1.聖水の色(1)~エレン
中央神殿での洗礼の儀のあと、家に帰ると、お屋敷中が、とても慌ただしくなっていた。
お父様は、神殿に残って、その後直接、王宮に行くということだった。
そのため、家に着いたのは、わたしとお母様だけ。
ホールに入って、脱いだ帽子をメイド長に渡したお母様は、近寄った執事を少し待たせて、わたしの専属メイドのエレンを呼んだ。
「エレン、疲れてると思うから、ゆっくり休ませてちょうだい。あと、しばらくは外出は控えさせるから。よろしくね。」
「かしこまりました。」
エレンは深々と頭を下げてから、「参りましょう、お嬢様。」と、手を引いてくれる。
エレンは、メイド長の子で、16歳、わたしが生まれた時から傍にいてくれる。
エレンの手をぎゅっと握り、横を歩いた。
後ろでひとつ結びにした彼女の栗色の髪が、リズムよく揺れるのを見ていると、
(ああ、帰ってきたわ。)
と安心して、わたしはふふっと笑った。
すると、エレンも、わたしを見て嬉しそうに笑う。
「美味しいお菓子を用意しますね。お嬢様」
「うん!」
部屋に戻り、ラベンダー色の小花柄の小さなソファにトスンと座ると、濃青色のラグで寝そべっていた白猫のリリーがむくりと起き上がって、するりとわたしのお膝にのぼってきた。
「ただいま。リリー。」
リリーは、わたしの右手の平を、鼻先でくんくんと嗅いで、ぺろりぺろりと舐める。
「やだ、リリー、くすぐったいわ。」
エレンがミルクティーを入れながら、くすりと笑う。
「お嬢様の右手が甘いのかもしれませんね。神殿でお菓子をいただかれました?」
「う~~ん。何か食べたかしら?」
なんだかそれどころじゃなくって、あまり思い出せない。
わたしは、右手を鼻先に持ってきて、くんくんと嗅いでみる。
「甘い匂いはしないわ。」
そう言ったところで、ソファの前のテーブルに、エレンが、甘い蜂蜜入りのミルクティーと、ふっくらとした黄金色の焼き菓子を置いた。
とたんに、ぐ~~とお腹の音が鳴る。
ずっと緊張していたので、急にお腹がすいてきた。
わたしは、カップを両手で取って、甘いミルクティーをこくりと飲んだ。
「・・・でしたら、もしかして、聖水でしょうか。女神様の加護の宿った聖水は、野生に近い動物たちほど、甘く感じる、と聞いたことがあります。」
わたしは、ずっとすりすりと擦り寄っているリリーを眺めて、耳の付け根をくりくり撫でると、リリーは「なぁ~~」と鳴いて、気持ちよさそうにコロンと転がった。
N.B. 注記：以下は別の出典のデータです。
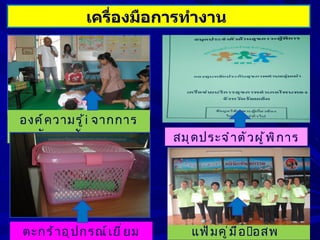 เครื่องมือการทำางาน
自分の好きな物に囲まれて、空腹も落ち着くと、冷えていた心も落ち着いてきた。
「ねえ、エレン。」
「はい、お嬢様。」
わたしが、ぱっとエレンを見上げると、エレンは、ぽっと頬を赤くした。
「エレンのときは、聖水は何色になったの?」
そう、今日神殿で、慌てて出てきたから、わたしは自分がどんな力を授かったのか、教えてもらっていない。
そういえば、「良い力を」と言ったあの怖い王太子殿下や、「あとで話そう」と約束した従姉妹のルナ様は、どうだったのかしら?
この国では、ほとんどの人が女神様から守りの力を授かり、生活に役立てている。
とくに、国を守る王族や貴族は、強い加護があり、聖水の色が変わるくらいの強い力を授かる。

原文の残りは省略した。